Dropping every picture, set down exactly the lines in the entries below, starting with the line with "Red Ombre Almond" and going on through the line with "PROGARDEN - Chaise".
***** Supplied entries *****
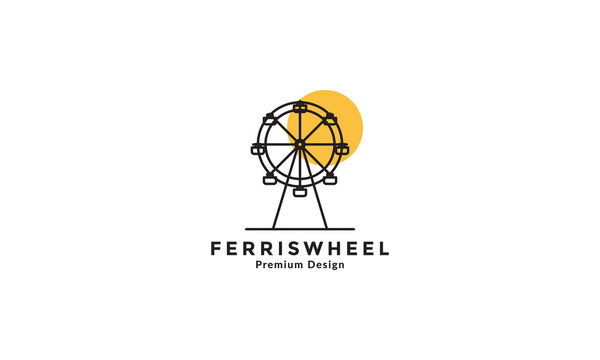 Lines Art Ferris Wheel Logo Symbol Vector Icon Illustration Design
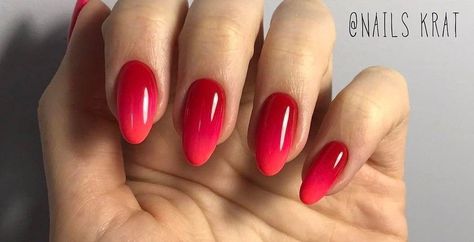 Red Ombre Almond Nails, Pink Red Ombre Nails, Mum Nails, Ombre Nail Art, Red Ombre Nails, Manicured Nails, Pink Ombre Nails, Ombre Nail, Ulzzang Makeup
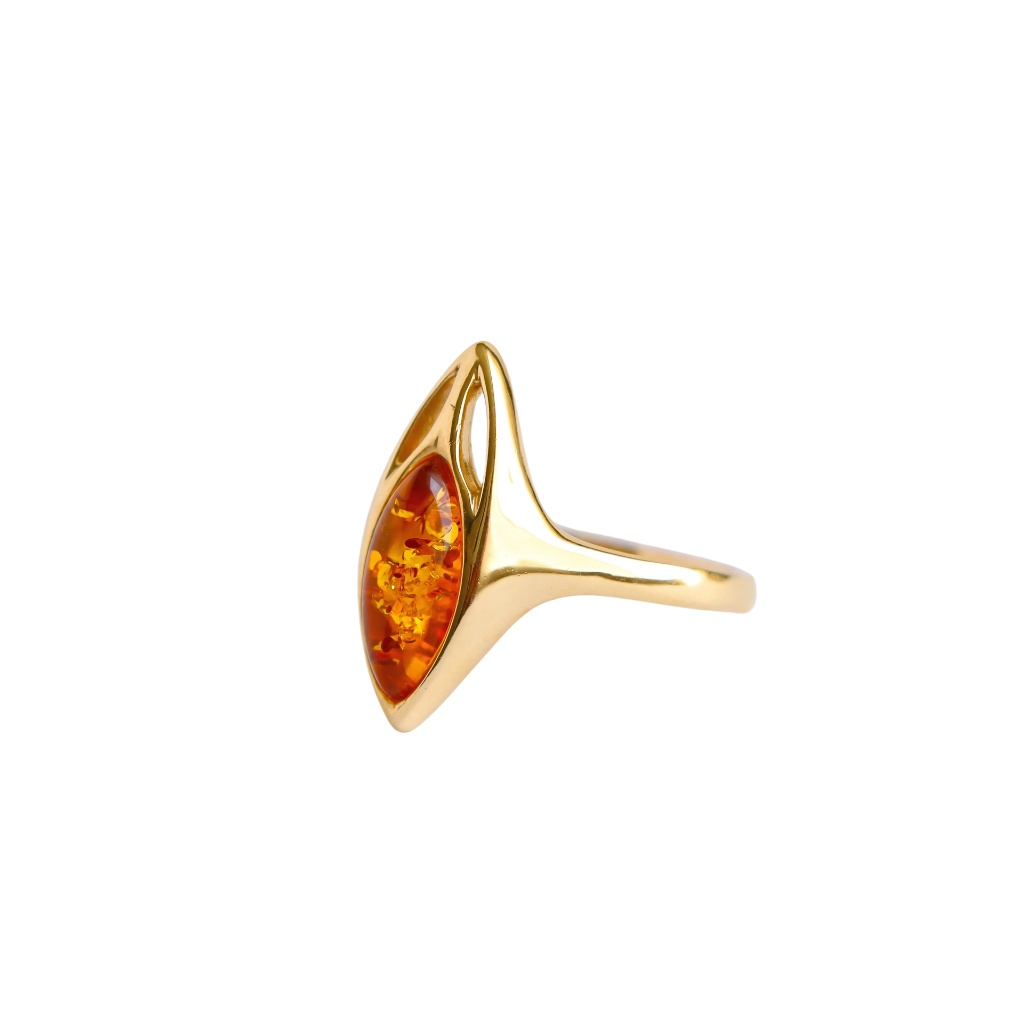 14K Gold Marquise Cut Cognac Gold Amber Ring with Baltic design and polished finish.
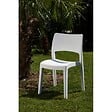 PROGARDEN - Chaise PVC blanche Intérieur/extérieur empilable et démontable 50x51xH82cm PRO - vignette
*****
***** Supplied entries *****
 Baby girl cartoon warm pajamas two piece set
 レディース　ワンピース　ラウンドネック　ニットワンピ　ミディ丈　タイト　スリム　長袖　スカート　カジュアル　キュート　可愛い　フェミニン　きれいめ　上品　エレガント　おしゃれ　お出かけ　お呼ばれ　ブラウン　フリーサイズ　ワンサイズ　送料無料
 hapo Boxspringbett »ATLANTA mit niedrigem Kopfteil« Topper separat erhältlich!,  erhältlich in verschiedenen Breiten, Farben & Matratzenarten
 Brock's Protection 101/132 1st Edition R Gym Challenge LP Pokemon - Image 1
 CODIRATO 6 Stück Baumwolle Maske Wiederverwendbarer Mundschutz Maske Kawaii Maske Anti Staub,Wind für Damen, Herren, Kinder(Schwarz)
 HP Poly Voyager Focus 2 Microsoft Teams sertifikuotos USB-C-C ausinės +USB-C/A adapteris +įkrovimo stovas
*****
***** Supplied entries *****
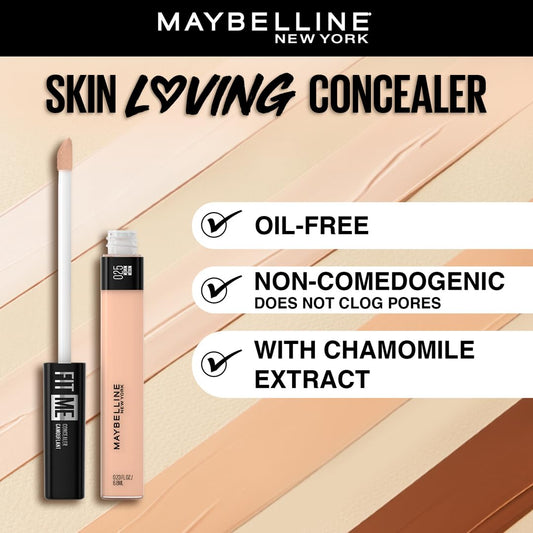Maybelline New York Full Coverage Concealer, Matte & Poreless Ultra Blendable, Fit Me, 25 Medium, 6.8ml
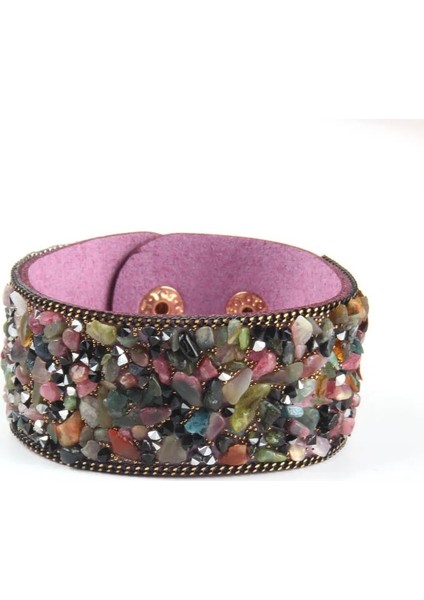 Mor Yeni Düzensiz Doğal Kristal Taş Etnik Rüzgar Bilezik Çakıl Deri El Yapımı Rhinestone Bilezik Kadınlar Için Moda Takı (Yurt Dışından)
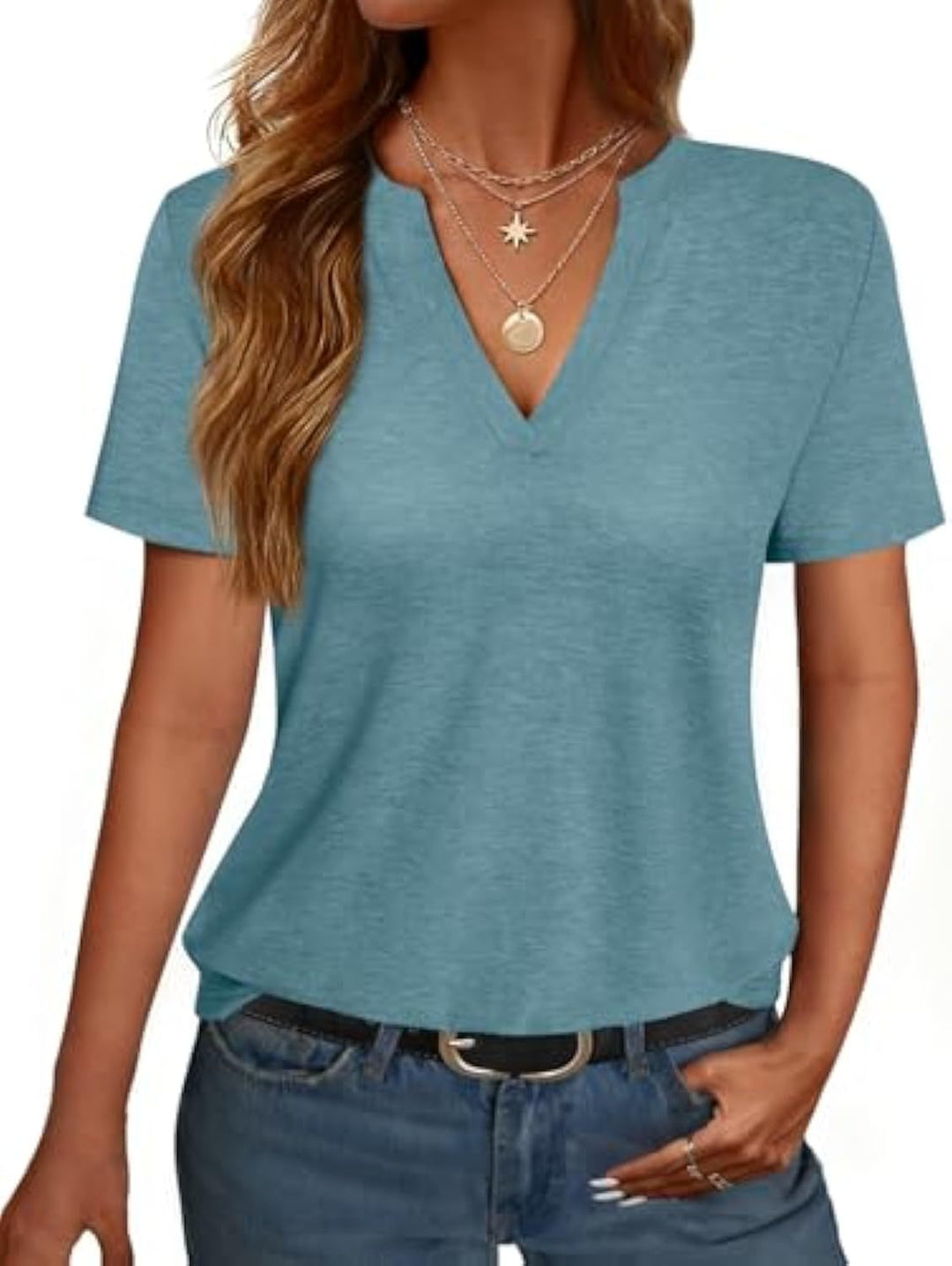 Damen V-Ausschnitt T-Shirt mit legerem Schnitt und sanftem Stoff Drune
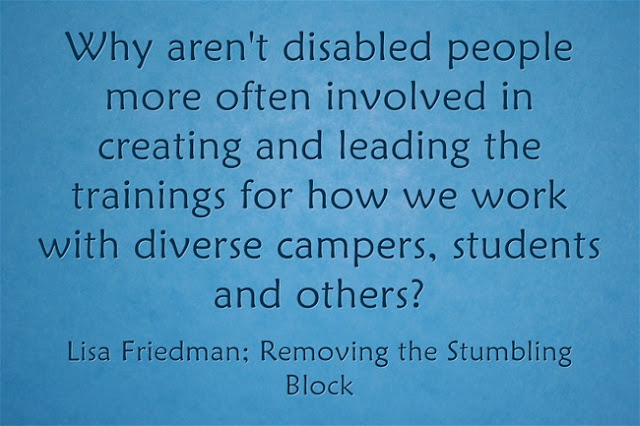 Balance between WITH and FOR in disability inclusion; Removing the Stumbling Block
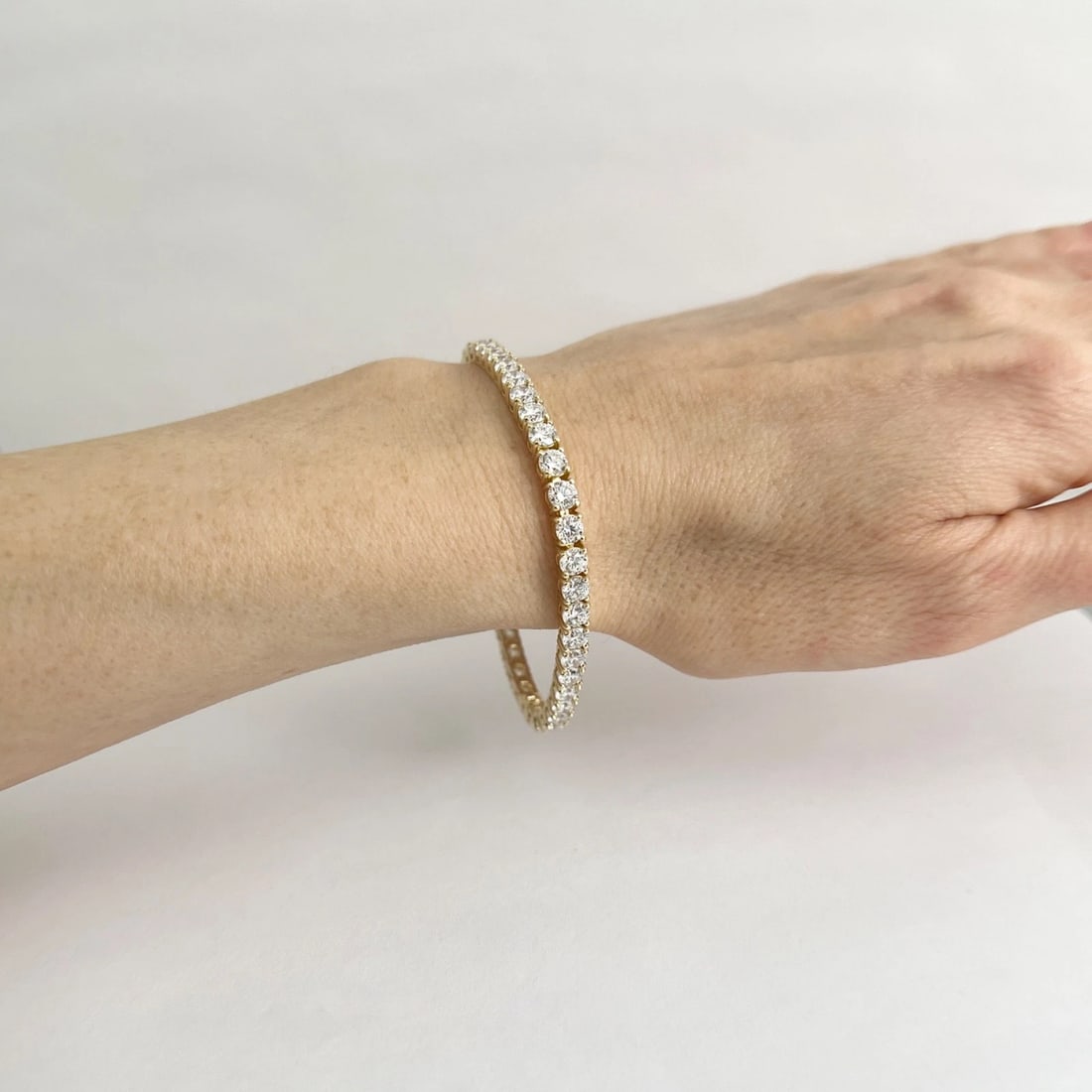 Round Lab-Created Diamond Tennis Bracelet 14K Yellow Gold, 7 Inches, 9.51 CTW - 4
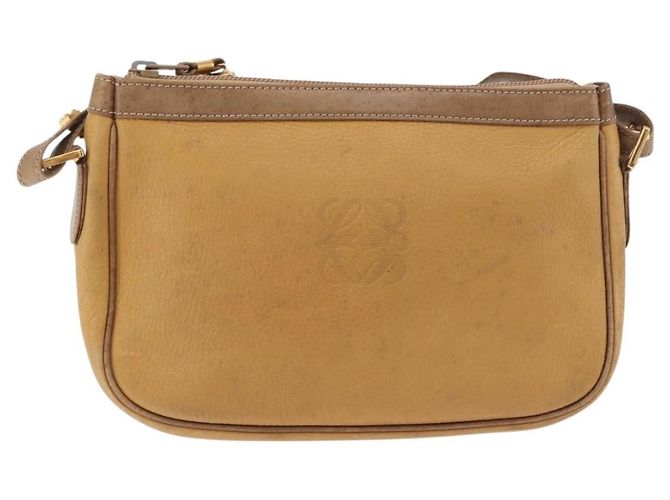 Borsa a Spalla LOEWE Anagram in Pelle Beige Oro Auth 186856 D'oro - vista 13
*****
* Answer for the task *
 Red Ombre Almond Nails, Pink Red Ombre Nails, Mum Nails, Ombre Nail Art, Red Ombre Nails, Manicured Nails, Pink Ombre Nails, Ombre Nail, Ulzzang Makeup
 14K Gold Marquise Cut Cognac Gold Amber Ring with Baltic design and polished finish.
 PROGARDEN - Chaise PVC blanche Intérieur/extérieur empilable et démontable 50x51xH82cm PRO - vignette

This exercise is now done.